Ченцов оглядел присутствующих. Все слушали молча. Энергетик рисовал на клочке бумаги узоры. Полетыкин сидел; сложив руки на животе, воздев кверху сизое бритое лицо. На лице у него застыло брюзгливое выражение.
Дверь приоткрылась. В кабинет бочком вошел Беккер, крадучись пробежал к своему месту. Уселся, покивал Ченцову. Тот кивнул в ответ и продолжал:
— Странными в этом деле являются три момента. Во-первых, медики на Таврии не смогли точно установить причину смерти Габровского. Во-вторых, в эксперименте Габровского принимала участие Вера Грей, находящаяся в отпуске после аварии космотанкера «Консула». У Веры Грей медики констатировали не совсем понятный шок. И в-третьих, у Габровского взорвалась установка, которая принципиально взрываться не может.

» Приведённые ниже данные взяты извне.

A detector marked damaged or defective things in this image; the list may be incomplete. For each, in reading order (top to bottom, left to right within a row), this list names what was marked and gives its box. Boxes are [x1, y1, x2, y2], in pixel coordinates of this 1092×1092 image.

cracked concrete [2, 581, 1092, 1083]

Это уже по вашей части, Михейкин.
Михейкин поднял на Ченцова зеленоватые глаза, задумчиво кивнул. Ченцов подытожил:
— Вот вкратце и вся информация, которой мы пока располагаем. Вопросы есть?
— Что подразумевается под «не совсем понятным шоком» Веры Грей? — подал голос из глубины кресла Полетыкин.

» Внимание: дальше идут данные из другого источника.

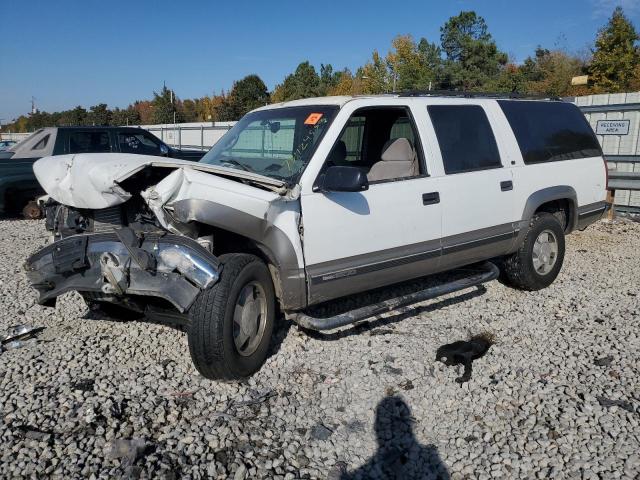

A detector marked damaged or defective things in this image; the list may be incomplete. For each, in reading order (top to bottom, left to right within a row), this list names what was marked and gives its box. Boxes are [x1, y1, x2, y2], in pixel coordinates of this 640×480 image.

crushed hood [32, 152, 288, 208]
damaged front end [25, 227, 221, 314]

— Сама по себе авария или… э-э-э… катастрофа не могла вызвать столь серьезной и продолжительной депрессии. Не забывайте, что она — пилот, только что окончила Академию. Со слабой психикой туда просто не принимают. Вообще у медиков осталось такое впечатление, что Грей перенесла постороннее активное вмешательство в психику, что-то типа психодинамической операции. На вопрос, как это произошло, они пожимают плечами.
— Но она жива?
— Жива, но находится в клинике.
Полетыкин удовлетворенно кивнул. Вопросов больше не было.
— Поскольку дело не совсем обычное, я предлагаю создать рабочую группу, которая на месте проанализирует ситуацию и доведет до нас свои выводы. — Ченцов вопросительно посмотрел на собравшихся: — Возражения есть? Тогда предлагаю поименно: главный энергетик товарищ Михейкин, главный механик Полетыкин, товарищ Беккер и кто-нибудь от медиков. Жаль, нет Бабаян, но я с ней свяжусь. Замечания есть? Вопросы? Предложения?